▸ Short descriptive text snippets
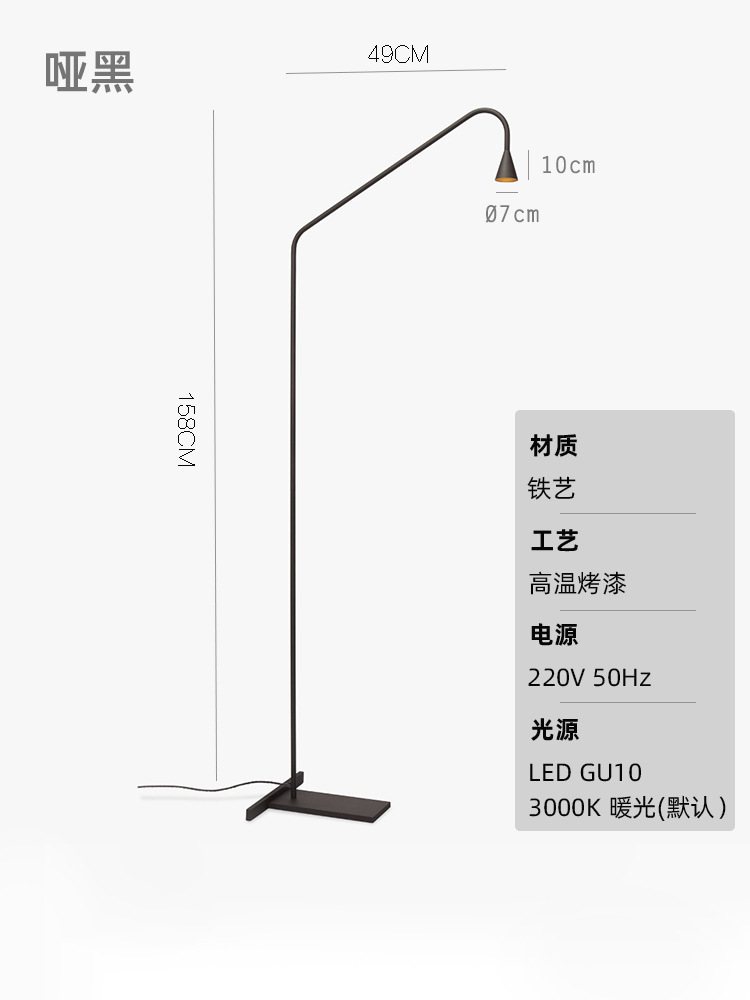 Dormitorio muy creativo cabecera lámpara de cama mesa de cabecera piso simple viento moderno lámpara de pared Zhongshan led cabecera lámpara de piso norte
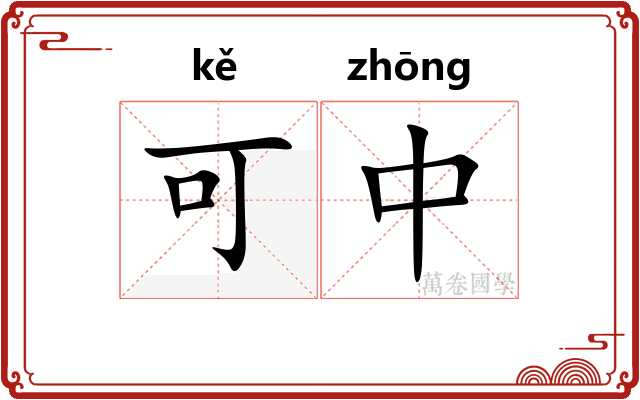 可中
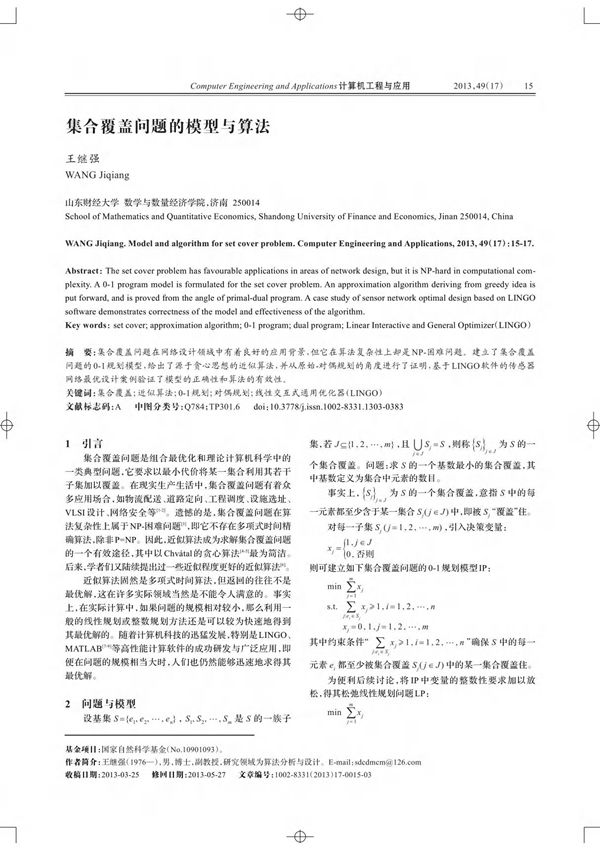集合覆盖问题的模型与算法-计算机工程与应用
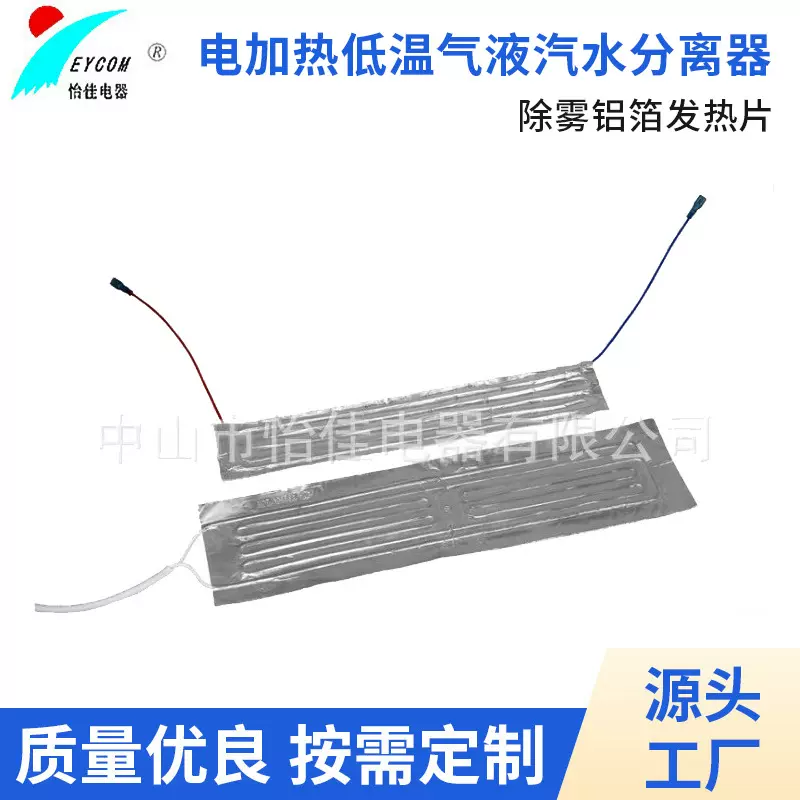 电加热低温气液汽水分离器 船用百叶窗 冰柜冰箱除雾铝箔发热片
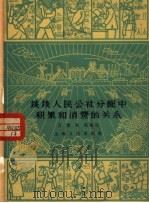 谈谈人民公社分配中积累和消费的关系 1960 PDF电子版封面 4074·326 万辉,吴震编著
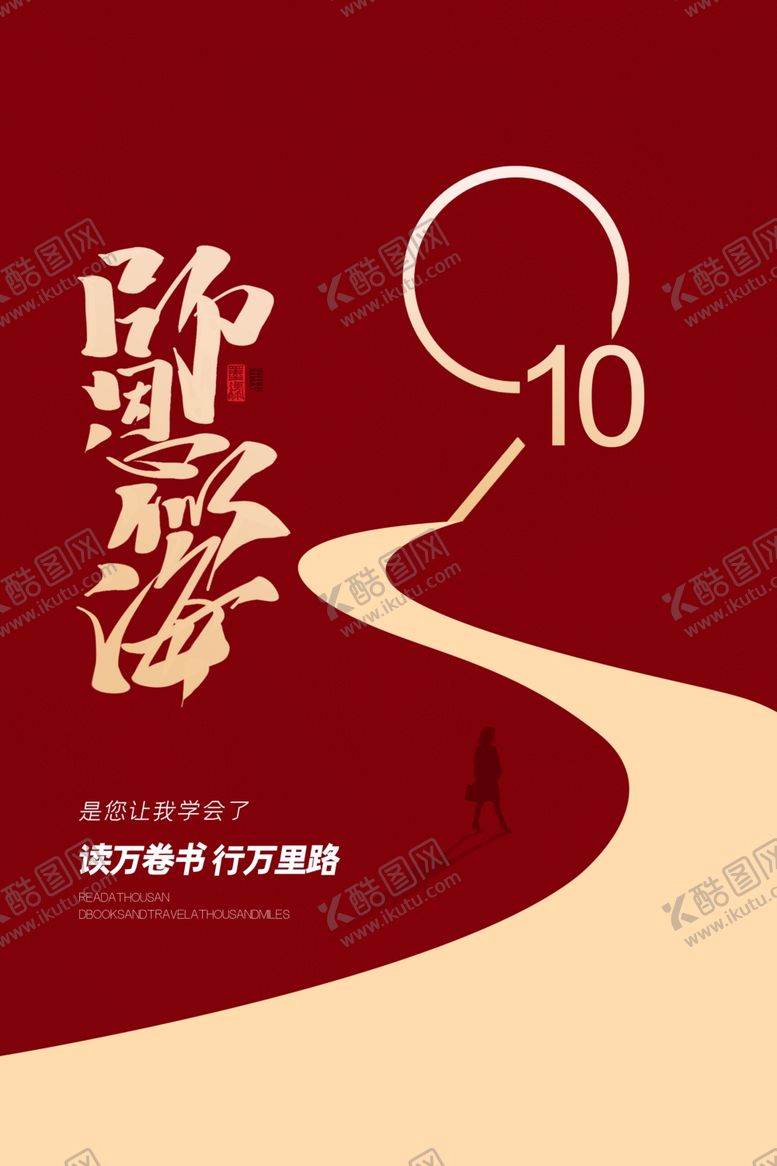 编号：92032607141129494112【酷图网】源文件下载-教师节校园文化墙教书育人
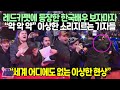 레드카펫에 등장한 한국배우 보자마자 “악 악 악” 이상한 소리지르는 기자들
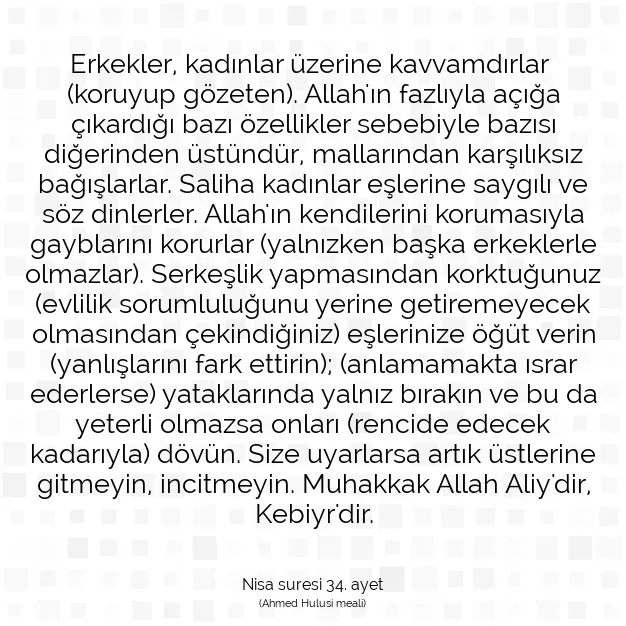 Ayetbul | Kuran Mealleri | Quran | Nisa suresi 34. ayet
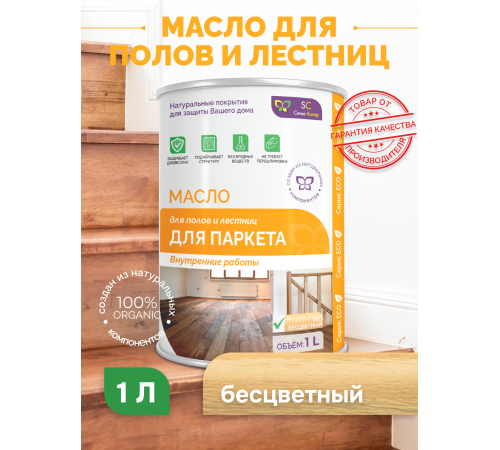 Приобрести МАСЛО ДЛЯ ПАРКЕТА в Одинцово, Московская область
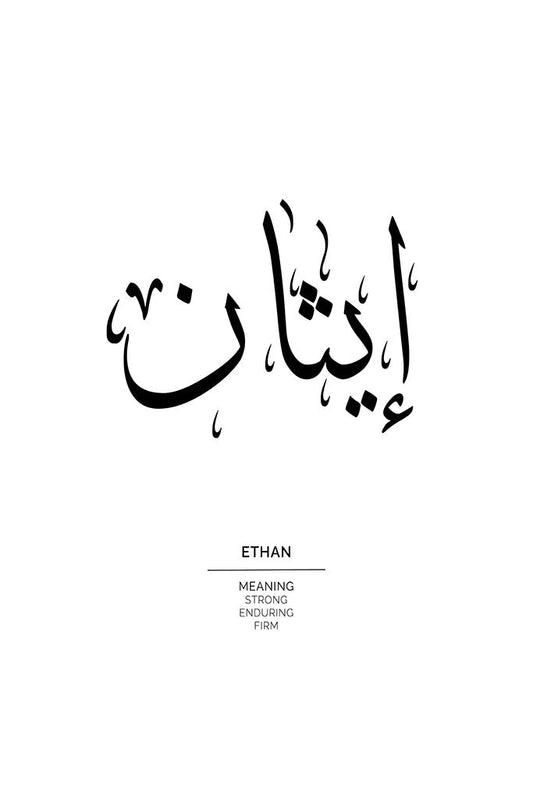 Ethan - إيثان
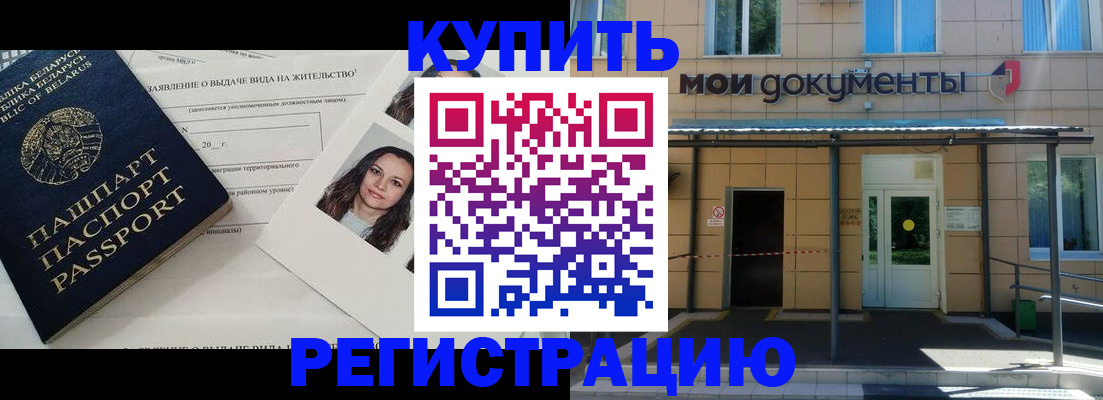 временная регистрация собственник в Алуште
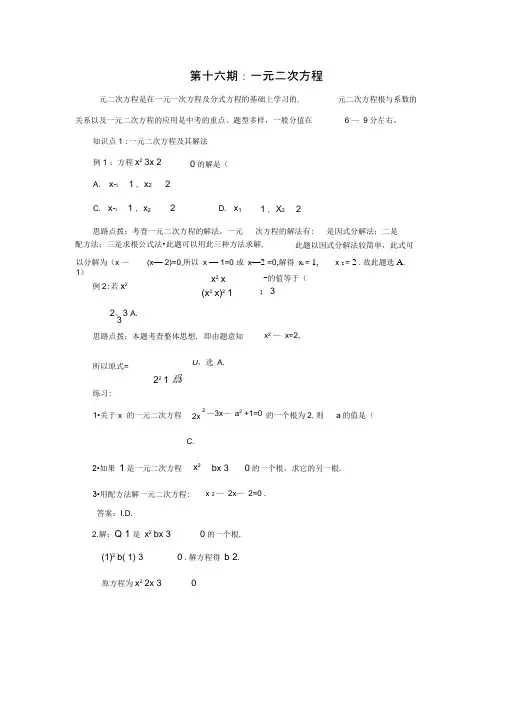 (word完整版)一元二次方程(含答案),推荐文档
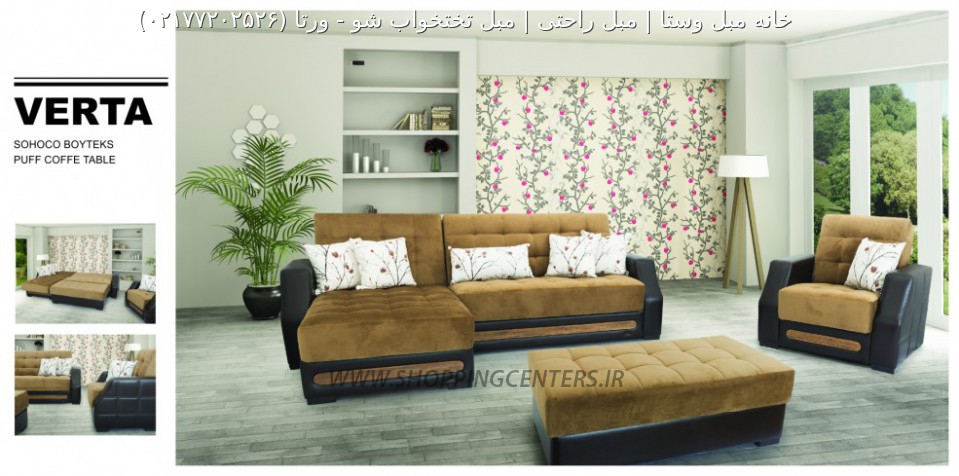 مبل تختخواب شو ورتا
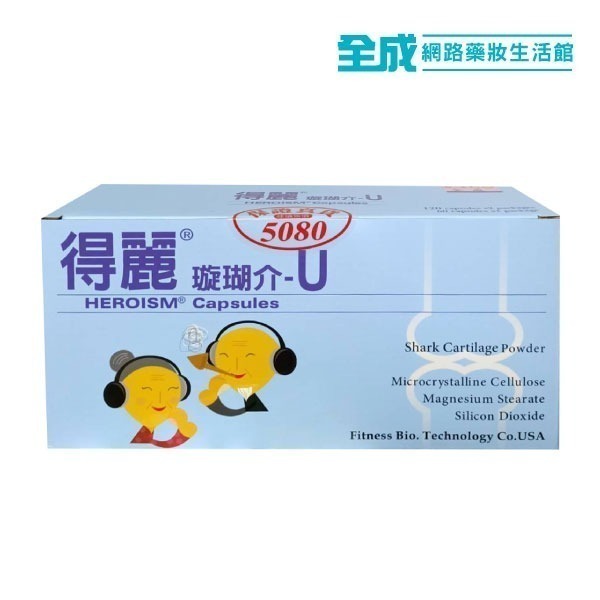 得麗-璇瑚介-U 120粒【全成藥妝】-細節圖4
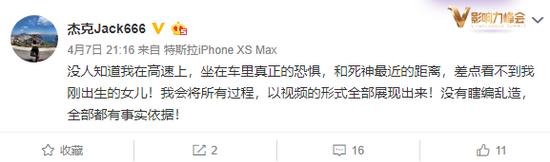 (车主微博截图)
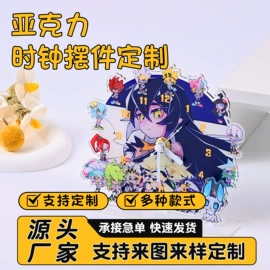 动漫立牌;钥匙扣及钥匙扣配件;教学时钟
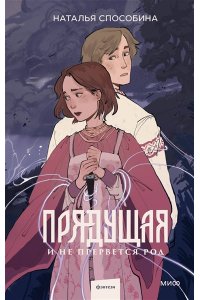 Наталья Способина Прядущая. И не прервется род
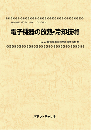 電子機器の放熱・冷却技術　技術開発実態分析調査報告書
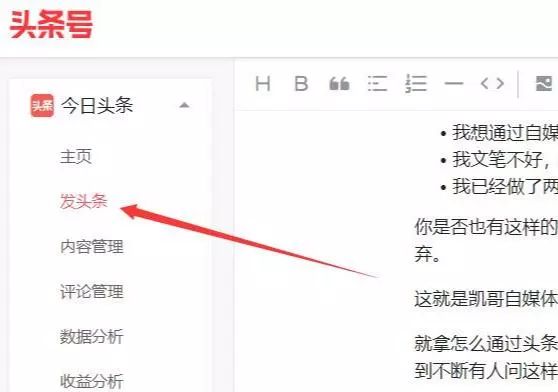 今日头条赚千万_今日头条赚钱一天能赚多少_如何在今日头条上赚钱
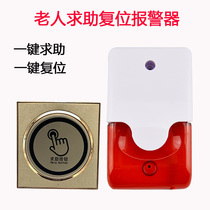 220V barrier-free toilet alarm with disabled elderly toilet emergency call for help press and sound and light alarm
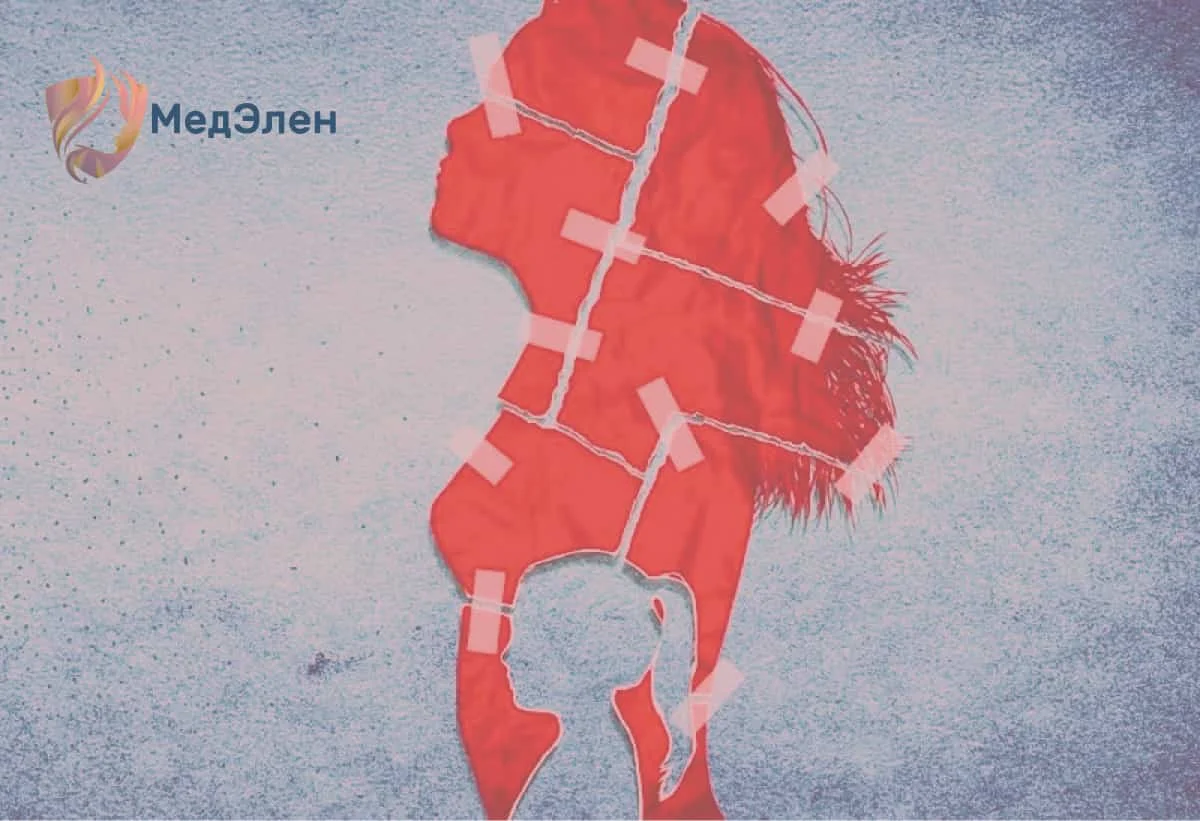 Рисунок девушки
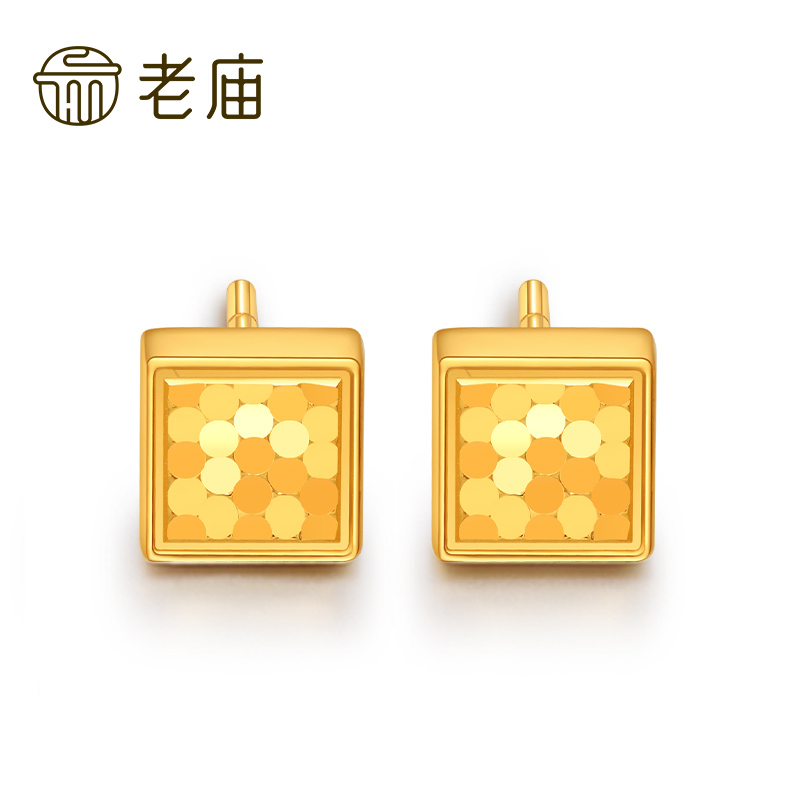 老庙黄金足金999时尚5G鳞甲闪耀亮镜金菱形耳钉方糖耳饰碎碎冰,淘宝优惠券,粉丝福利购,淘宝优惠卷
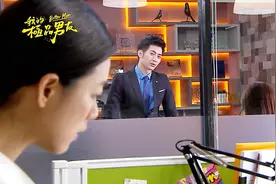 总裁故意留下女孩想让灰姑娘吃醋，偷偷察看灰姑娘反应太逗了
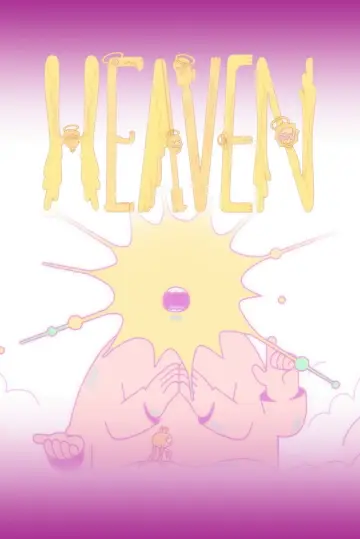 Постер до фільму "Heaven" #1822887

▸ Activity
Please transcribe exactly the part of the records that opens with the line containing "编号：92032607141" and closes with the line containing "(word完整版)一元二次方程(含答案),推荐文档", both ends included, and leave out the pictures.

▸ Completed exercise
 编号：92032607141129494112【酷图网】源文件下载-教师节校园文化墙教书育人
 레드카펫에 등장한 한국배우 보자마자 “악 악 악” 이상한 소리지르는 기자들
 Ayetbul | Kuran Mealleri | Quran | Nisa suresi 34. ayet
 Приобрести МАСЛО ДЛЯ ПАРКЕТА в Одинцово, Московская область
 Ethan - إيثان
 временная регистрация собственник в Алуште
 (word完整版)一元二次方程(含答案),推荐文档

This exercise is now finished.